No track scrubbing. Nowadays it's common to scrutinize each track individually before mixing. We remove clams and background noise. We align downbeats to the grid. By modern standards, Beatles tracks are a bloody mess. But all that mattered was how a performance felt in context.

The Beatles crew worked with their ears, not their eyes.

It doesn't help that our modern DAWs depict sound visually, so it's easy to fixate on parts that are “wrong" because they don't align to the grid. But the Beatles crew worked with their ears, not their eyes.

Ultimate tone. That's a silly concept.
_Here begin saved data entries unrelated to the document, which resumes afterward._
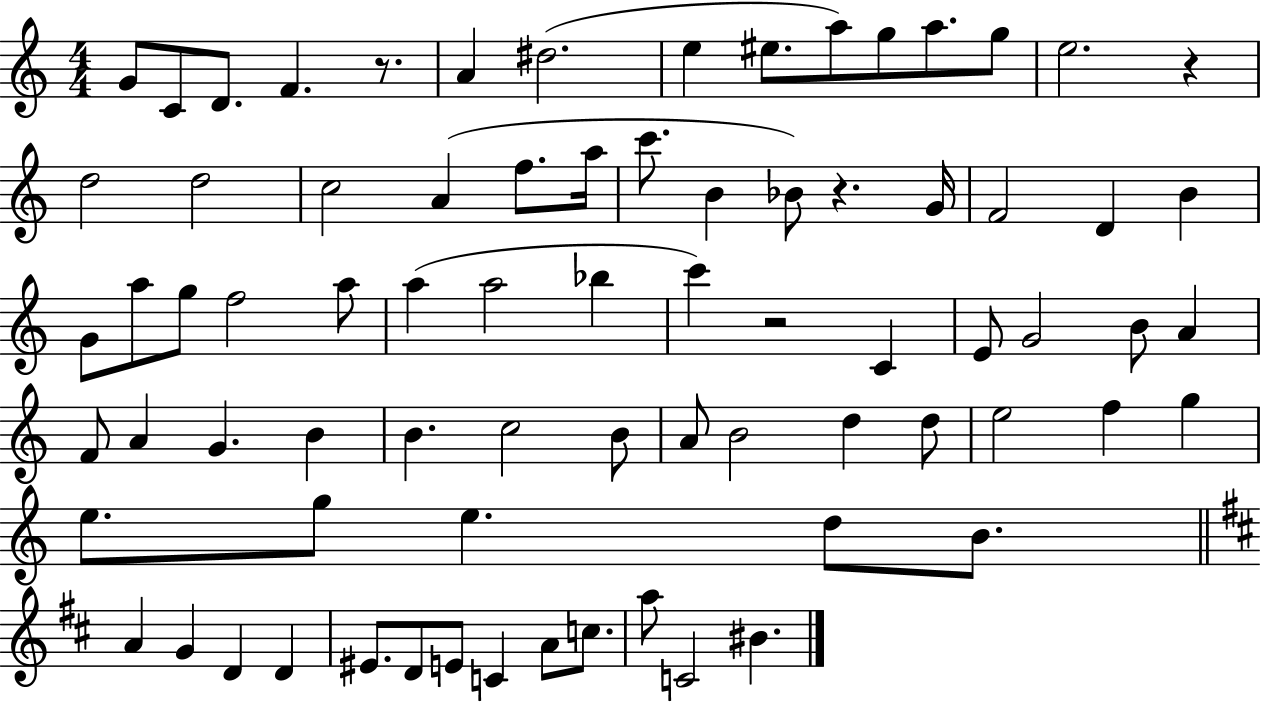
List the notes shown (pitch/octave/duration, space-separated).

G4/e C4/e D4/e. F4/q. R/e. A4/q D#5/h. E5/q EIS5/e. A5/e G5/e A5/e. G5/e E5/h. R/q D5/h D5/h C5/h A4/q F5/e. A5/s C6/e. B4/q Bb4/e R/q. G4/s F4/h D4/q B4/q G4/e A5/e G5/e F5/h A5/e A5/q A5/h Bb5/q C6/q R/h C4/q E4/e G4/h B4/e A4/q F4/e A4/q G4/q. B4/q B4/q. C5/h B4/e A4/e B4/h D5/q D5/e E5/h F5/q G5/q E5/e. G5/e E5/q. D5/e B4/e. A4/q G4/q D4/q D4/q EIS4/e. D4/e E4/e C4/q A4/e C5/e. A5/e C4/h BIS4/q.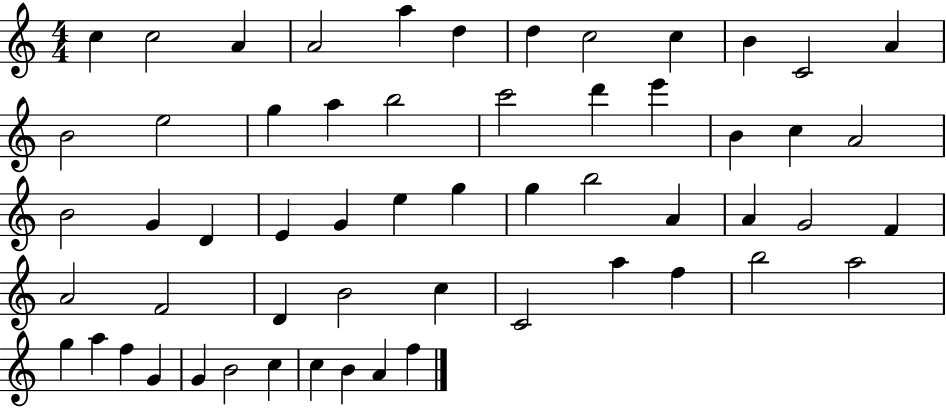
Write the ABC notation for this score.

X:1
T:Untitled
M:4/4
L:1/4
K:C
c c2 A A2 a d d c2 c B C2 A B2 e2 g a b2 c'2 d' e' B c A2 B2 G D E G e g g b2 A A G2 F A2 F2 D B2 c C2 a f b2 a2 g a f G G B2 c c B A f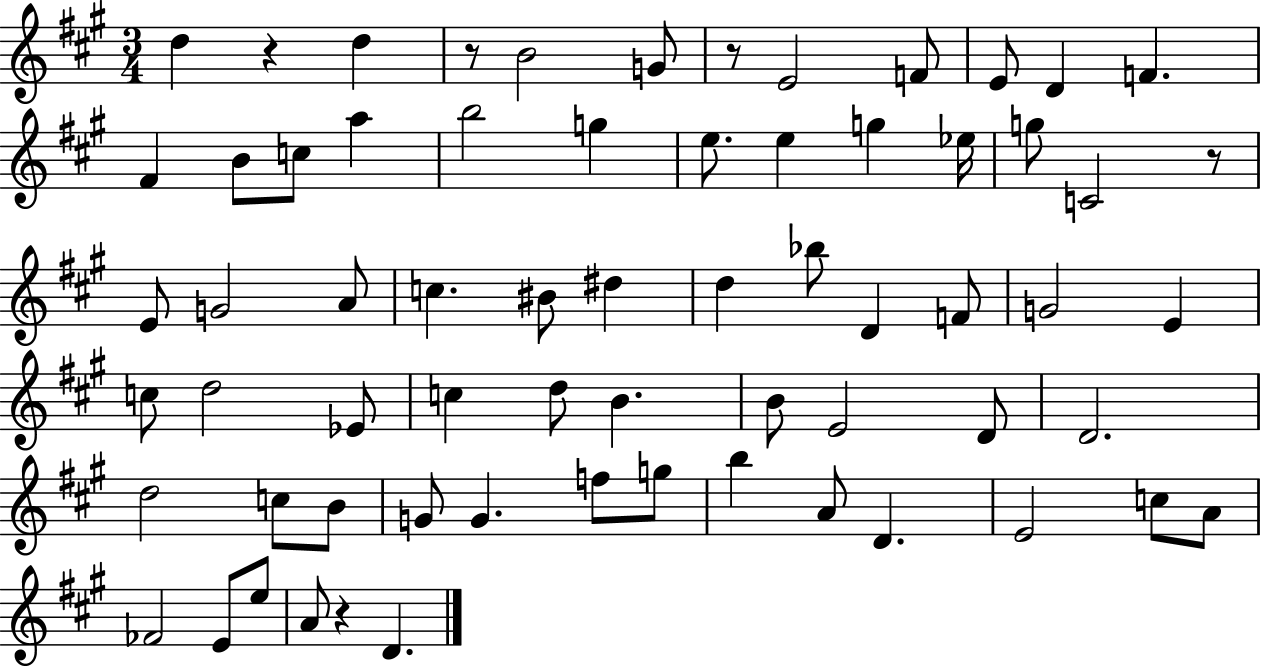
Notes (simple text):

D5/q R/q D5/q R/e B4/h G4/e R/e E4/h F4/e E4/e D4/q F4/q. F#4/q B4/e C5/e A5/q B5/h G5/q E5/e. E5/q G5/q Eb5/s G5/e C4/h R/e E4/e G4/h A4/e C5/q. BIS4/e D#5/q D5/q Bb5/e D4/q F4/e G4/h E4/q C5/e D5/h Eb4/e C5/q D5/e B4/q. B4/e E4/h D4/e D4/h. D5/h C5/e B4/e G4/e G4/q. F5/e G5/e B5/q A4/e D4/q. E4/h C5/e A4/e FES4/h E4/e E5/e A4/e R/q D4/q.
Sometimes it feels like we've had our ears and minds poisoned by YouTube videos, gear demos, and online debates about “ultimate tone." But only one thing determines a tone's quality: how it suits the musical context. There's no better example than Sgt. Pepper's laser-bright electric guitars. Few modern players would be caught dead issuing such strident treble squawks. But they're perfect for these dense compositions.

Frankly, many Pepper tracks sound lousy when soloed. Ringo's kick has little impact. (On the drum-heavy “Sgt. Pepper's Lonely Hearts Club Band (Reprise) [Take 8]," you hear Paul hectoring Ringo to stomp the kick harder.) John's acoustic guitar sounds boxy and flat in isolation. But in the midst of a dense track, it feels and sounds great.

What matters most happens last. When you bounce tape, you lose high end and definition. While many modern rock records are built from the drums and bass up, Paul's bass was usually one of the last parts to be recorded. Sometimes drums were overdubbed as well.

Paul seems to be the most rhythmically definitive Beatle. In fact, his bass lines tighten the looseness of some initial tracks. When parts don't quite groove perfectly, it's often possible to add an overdub that triangulates between their feels, tying everything together. Paul's bass performs that trick over and over.

Space, the final frontier. Savvy musicians like to lecture about the importance of aerating your parts with silence, yet few today take the concept to Beatles extremes. In fact, many basic Sgt. Pepper tracks consist of little more than straight quarter notes, with the occasional open hat, guitar up-strum, or right-hand piano syncopation implying the swing. You know that Fadd9 guitar chord at the beginning of “Getting Better" that goes ching ching ching ching-a, ching ching-a ching ching? That's pretty much Sgt. Pepper's default groove. Funk, this ain't.

Burn the solo button! These observations share a common theme: The Beatles had their eyes on the final result, not the minute details of individual tracks. Nowadays we're addicted to the solo button. But since the Beatles crew was working with bounced tracks, they couldn't solo many of the parts even if they'd wanted to. It was about the forest, not the trees.

Few of us envy the travails of midcentury recording. It's nice being able to record 32 tracks on your phone! But it's worth pausing to consider the things we may have lost on our path to the present.